Operations at the underground mine, which began output in 2007 and employs 130 people, are “no longer viable,” the Baar, Switzerland-based company said today in an e-mailed statement. Ravensworth produced 2.1 million metric tons of saleable semi-soft coking coal last year, equivalent to about 1 percent of total metallurgical coal shipments last year from Australia, the world’s biggest exporter.
Steelmaking coal prices this month sank to the lowest level in at least four years while the power-station grade dropped to the weakest since 2009 amid a supply glut that’s leaving few mines profitable. Glencore last year halted work on an export terminal in Queensland while BHP Billiton Ltd. (BHP), the largest exporter of coking coal, said last month it would cut 230 jobs at the Saraji mine in the state to reduce costs.
“At these prices, a substantial portion of world metallurgical coal production is believed to be loss-making,” Australia’s Bureau of Resources and Energy Economics said in a report yesterday. “There are still a number of producers that will face rising financial pressure,” because of lower thermal coal prices, it said. “Some operations may be forced to close or scale back production over the coming years.”
Steps were taken in the past year to try to improve the profitability at Ravensworth, Glencore said.

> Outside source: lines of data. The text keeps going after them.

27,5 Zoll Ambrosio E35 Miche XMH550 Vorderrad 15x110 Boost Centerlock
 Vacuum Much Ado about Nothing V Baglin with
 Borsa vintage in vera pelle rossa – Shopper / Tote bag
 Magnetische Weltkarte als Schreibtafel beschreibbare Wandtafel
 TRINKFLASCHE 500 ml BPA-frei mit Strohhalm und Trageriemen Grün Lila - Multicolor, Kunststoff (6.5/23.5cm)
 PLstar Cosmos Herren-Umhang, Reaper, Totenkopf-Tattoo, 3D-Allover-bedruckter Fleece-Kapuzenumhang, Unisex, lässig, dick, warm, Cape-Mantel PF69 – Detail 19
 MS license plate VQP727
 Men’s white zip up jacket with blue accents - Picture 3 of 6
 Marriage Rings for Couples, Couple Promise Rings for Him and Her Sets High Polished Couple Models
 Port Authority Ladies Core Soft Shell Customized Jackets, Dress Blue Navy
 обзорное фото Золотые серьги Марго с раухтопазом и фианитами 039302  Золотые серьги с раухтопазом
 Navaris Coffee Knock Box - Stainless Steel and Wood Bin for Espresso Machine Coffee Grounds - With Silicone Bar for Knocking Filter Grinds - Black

The world’s biggest exporter of power-station coal also owns the Mount Owen and Liddell coal operations in Australia’s Hunter Valley. Two open-cut mines at Ravensworth that produce thermal coal are operating as usual, Francis De Rosa, a company spokesman in Sydney, said by phone today.
The oversupply in coking coal is estimated by Morgan Stanley to be about 6.6 million tons this year, equivalent to about 2.3 percent of global imports. Supply of thermal coal will exceed demand by 4.9 million tons, the bank estimated in a January report.
While miners scale back output at some mines, Australia’s shipments of both coking and power-station coal are still forecast to increase this year, extending the overhang. Exports of the thermal variety will increase by 3.7 percent to 195 million tons while the country will ship 174 million tons of metallurgical coal, 2.4 percent more than in 2013, according to BREE’s estimates.
Producers in Australia are locked into long-term rail freight and port deals, which are required to finance the export infrastructure. Under such take-or-pay agreements, suppliers must pay a fee regardless of whether cargoes are shipped, discouraging them from cutting exports.
Spot coking coal fell to $114.75 a ton on March 18, the lowest since at least March 2010, according to data from Energy Publishing Inc. Thermal coal at the Australian port of Newcastle slid to $72.98 in the week ended March 14, the lowest since October 2009, according to globalCOAL, a London-based data provider.
“The situation for coal miners has made it really tough to continue business,” Michiaki Harada, director at Japan Coal Energy Center, a research institute, said by phone from Tokyo today. “There are no price-supporting factors.”
The slump contributed to a 12 percent drop in adjusted earnings before interest, tax, depreciation and amortization for Glencore’s energy products business in 2013, according to the company’s annual report, which described the prospects for the market this year as “challenging.” Glencore shares are down 2.1 percent this year at 305.90 pence in London today.